### Your objective
In the copy, include every entry exactly but none of the pictures.

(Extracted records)
──────────

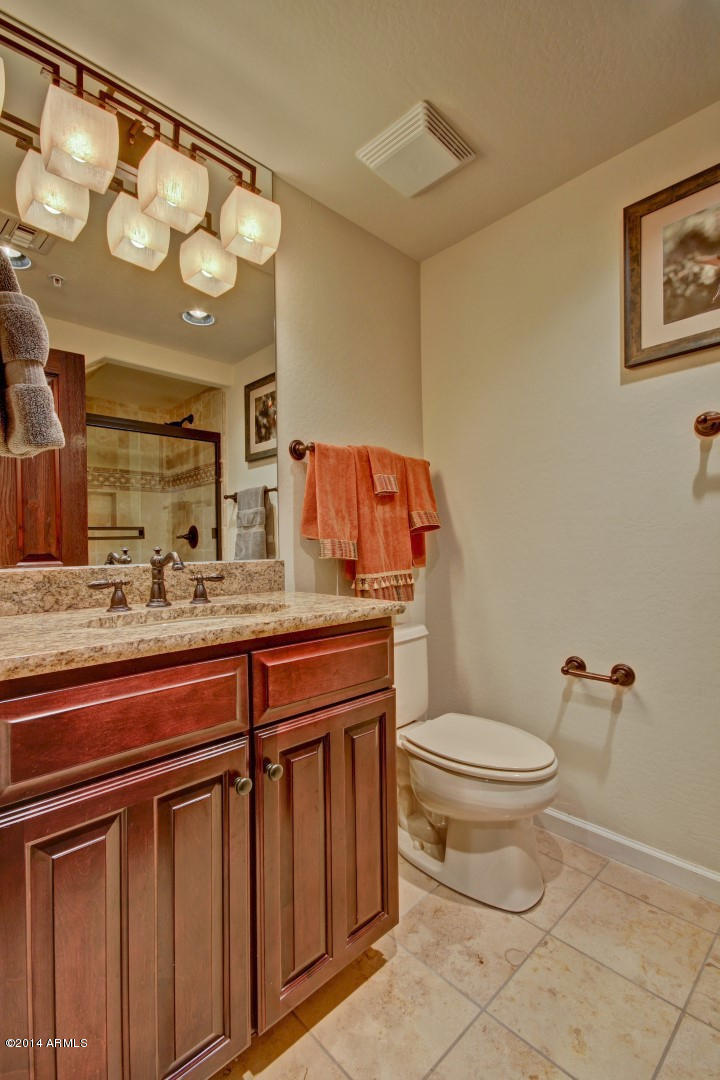 3935 East Rough Rider Road, Unit 1089 Phoenix, AZ 85050 - Photo 31 of 71 a bathroom with a toilet a sink and mirror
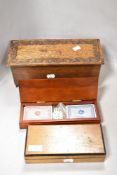 Two vintage boxes, one of carved oak in the form of a kist, also included is a boxed set of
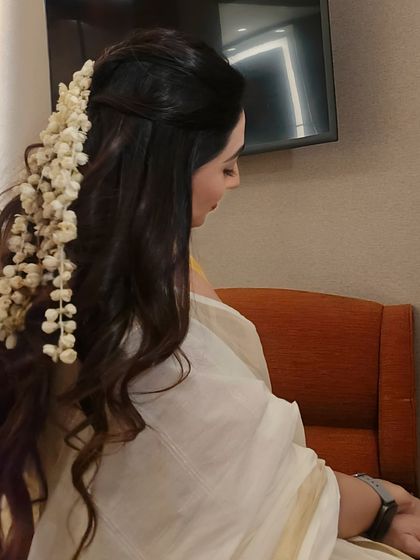 A close-up of my South Indian hairstyle for an event in Kochi. I pay attention to every detail to ensure my look complements the destination's culture.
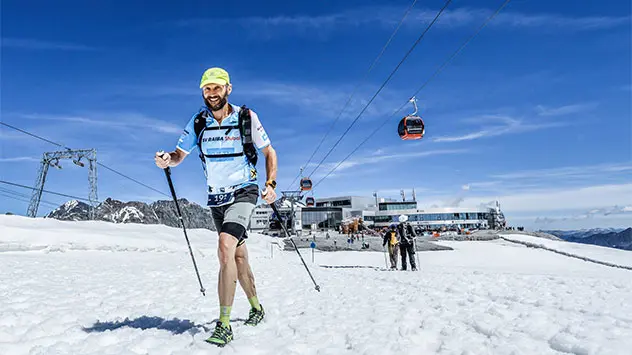 Laufteilnehmer mit Nordic-Walking-Stöcken nahe einer Bergstation im Schnee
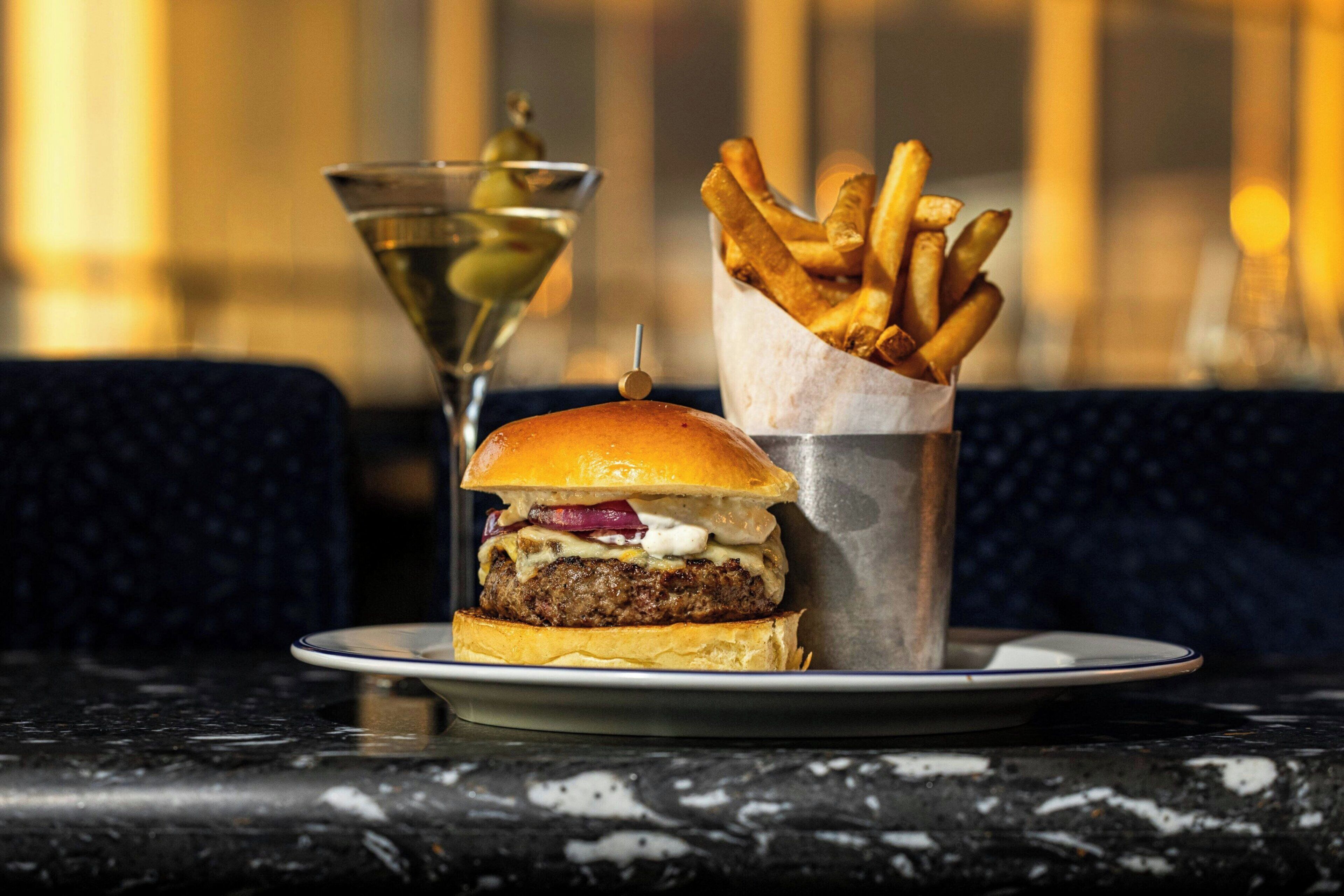 Una hamburguesa con papas fritas y un martini sobre una mesa.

──────────

### Finished task
 3935 East Rough Rider Road, Unit 1089 Phoenix, AZ 85050 - Photo 31 of 71 a bathroom with a toilet a sink and mirror
 Two vintage boxes, one of carved oak in the form of a kist, also included is a boxed set of
 A close-up of my South Indian hairstyle for an event in Kochi. I pay attention to every detail to ensure my look complements the destination's culture.
 Laufteilnehmer mit Nordic-Walking-Stöcken nahe einer Bergstation im Schnee
 Una hamburguesa con papas fritas y un martini sobre una mesa.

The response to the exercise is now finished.